Makati Regional Trial Court Branch 148 on Monday threw out DOJ’s bid for the issuance of a warrant and hold departure order against Trillanes. Soriano, in the same ruling, said that Proclamation 572, while “not unconstitutional,” lacked factual bases as the court found that Trillanes filed an application for amnesty and admitted guilt.

Guevarra earlier said that they are ready to take the case of Trillanes' amnesty to the Supreme Court.

NUPL: Soriano's ruling a slap to Duterte's vindictiveness

Trillanes was visibly relieved and elated when he welcomed Soriano's ruling. He called the ruling a “ victory for justice, rule of law and democracy for the country.”

Opposition lawmakers, meanwhile, hailed the court’s ruling and said that Soriano restored the stability of the courts.

The National Union of Peoples' Lawyers, for its part, said that Soriano's ruling is a “huge political slap on this vindictive government that uses and abuses all means within its command.”

The NUPL also reiterated that Duterte's revocation of the amnesty puts in peril any the grant of amnesty that is a product of peace processes.
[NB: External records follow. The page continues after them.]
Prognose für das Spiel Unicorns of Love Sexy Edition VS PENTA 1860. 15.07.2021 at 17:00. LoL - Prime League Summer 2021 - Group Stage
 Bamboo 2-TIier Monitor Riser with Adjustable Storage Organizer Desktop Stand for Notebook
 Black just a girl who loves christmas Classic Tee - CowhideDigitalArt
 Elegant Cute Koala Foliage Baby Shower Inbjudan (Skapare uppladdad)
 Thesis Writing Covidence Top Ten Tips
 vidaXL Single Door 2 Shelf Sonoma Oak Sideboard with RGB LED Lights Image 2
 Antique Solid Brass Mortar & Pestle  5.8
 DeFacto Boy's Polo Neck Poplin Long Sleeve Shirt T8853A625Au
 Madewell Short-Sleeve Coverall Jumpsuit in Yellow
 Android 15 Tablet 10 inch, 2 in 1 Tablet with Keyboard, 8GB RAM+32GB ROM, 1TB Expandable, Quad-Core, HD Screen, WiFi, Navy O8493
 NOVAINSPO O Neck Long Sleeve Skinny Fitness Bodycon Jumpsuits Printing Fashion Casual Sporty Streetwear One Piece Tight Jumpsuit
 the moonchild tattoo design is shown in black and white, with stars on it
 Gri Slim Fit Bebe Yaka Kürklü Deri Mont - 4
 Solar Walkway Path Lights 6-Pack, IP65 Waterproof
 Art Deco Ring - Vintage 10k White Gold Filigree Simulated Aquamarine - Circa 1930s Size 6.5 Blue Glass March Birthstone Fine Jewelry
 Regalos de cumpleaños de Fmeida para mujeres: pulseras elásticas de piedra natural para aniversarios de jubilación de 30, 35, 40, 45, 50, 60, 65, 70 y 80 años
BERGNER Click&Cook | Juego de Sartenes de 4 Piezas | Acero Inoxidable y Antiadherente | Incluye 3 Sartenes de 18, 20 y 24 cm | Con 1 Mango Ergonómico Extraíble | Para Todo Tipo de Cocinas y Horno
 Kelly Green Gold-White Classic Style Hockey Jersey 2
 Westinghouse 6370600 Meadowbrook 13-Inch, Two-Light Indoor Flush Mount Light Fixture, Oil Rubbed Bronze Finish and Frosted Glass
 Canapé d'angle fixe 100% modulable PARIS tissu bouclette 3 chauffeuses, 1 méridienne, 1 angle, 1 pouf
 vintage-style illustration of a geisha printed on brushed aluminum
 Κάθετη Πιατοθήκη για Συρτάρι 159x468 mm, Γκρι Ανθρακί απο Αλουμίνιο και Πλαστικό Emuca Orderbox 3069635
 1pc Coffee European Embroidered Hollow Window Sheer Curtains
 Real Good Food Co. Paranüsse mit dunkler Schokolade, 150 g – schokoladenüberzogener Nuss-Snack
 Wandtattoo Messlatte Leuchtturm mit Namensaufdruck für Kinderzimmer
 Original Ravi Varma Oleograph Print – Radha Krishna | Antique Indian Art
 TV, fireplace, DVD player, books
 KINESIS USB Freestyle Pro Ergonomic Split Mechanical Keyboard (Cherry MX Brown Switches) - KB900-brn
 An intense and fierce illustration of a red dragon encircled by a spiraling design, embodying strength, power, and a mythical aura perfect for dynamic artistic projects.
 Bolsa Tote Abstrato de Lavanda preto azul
READ: Trillanes amnesty case impacts government's peace process, Hilbay says

The group of human rights lawyers hailed Soriano’s ruling as it “rightfully affirmed that an individual—even if at this time arguably the most voluble and intensely critical public official of government policies—can not be casually arrested through a legal artifice of unilaterally revoking an amnesty long granted by excavating from the bowels of the earth the existence or non-existence of merely formal prerequisites preceding its grant.”

Trillanes still has a pending challenge before the Supreme Court on the constitutionality of Duterte's Proclamation 572.